Would you have two weddings?

posted 2 years ago in Destination Weddings
  • poll: Which would you choose?
    Small catholic ceremony and vow renewal : (11 votes)
    37 %
    Hawaii wedding only : (7 votes)
    23 %
    Small catholic ceremony only : (12 votes)
    40 %
  • Post # 2
    Member
    315 posts
    Helper bee
    • Wedding: June 2018

    I think if you’ve always wanted to get married in Hawaii, then you should get married in Hawaii!! If it’s important to you that your parents see you get married or that you get married in the church, then having two small ceremonies shouldn’t be a big deal, especially if there’s only going to be one person that attends both of them. Go for it! 

    Post # 3
    Member
    223 posts
    Helper bee
    • Wedding: June 2018

    You can have two weddings…One main wedding and one vow renewal in Hawaii….Everyone is happy!

    Post # 4
    Member
    1043 posts
    Bumble bee

    Fellow Catholic chiming in. Marriage is a sacred sacrament to Catholics and the ceremony belongs in the church, to be performed by the priest.
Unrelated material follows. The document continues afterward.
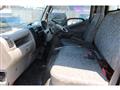 2004 Hino Dutro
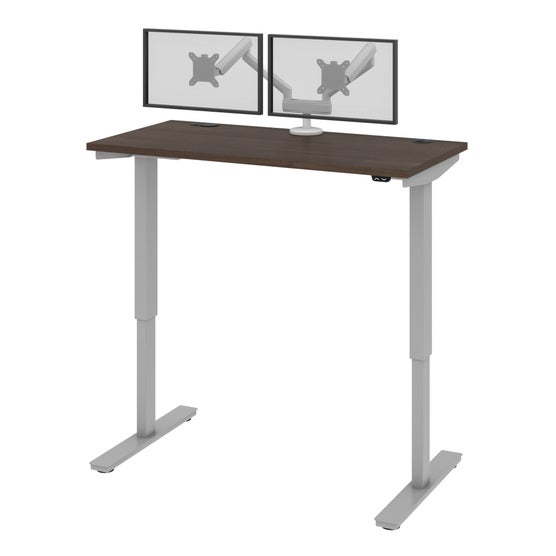 Enlarge Product Preview 4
    If you’ve had your heart set on a Hawaaiin beach wedding, go for it, but that won’t be a Catholic wedding. If having a Catholic wedding is important to you two, you have to accept it needs to be done in the church.

    You could have the small church wedding and a delayed reception in Hawaii. But a beach ceremony is not the wedding. 

    Is the church wedding important to you as a couple, or your parents?

    Post # 5
    Member
    2669 posts
    Sugar bee
    • Wedding: May 2017

    lida89 :  my recommendation would be to do a family ceremony just for everyone who is not going with you, but like the day before you leave, not a full week before, that way it will all meld together in your memory like one long event. Also you really should get the legal part of you marriage done before you go on your trip, my friend had a destination wedding over a year ago now and hasn’t gotten around to going to the court house yet. I honestly think it’ a great idea, everyone will be happy and will feel included, you get to split people up into the 2 groups so you don’t have to deal with them all at once and ot totally cures the issue of trying to please everyone when you have older family members who like things formal and appropriate and friends ho want to party drink and celebrate attending the same event.

    Post # 6
    Member
    4677 posts
    Honey bee

    I would do the Catholic service (assuming getting married in a Catholic church and having your parents present is important to you) and honeymoon in Hawaii.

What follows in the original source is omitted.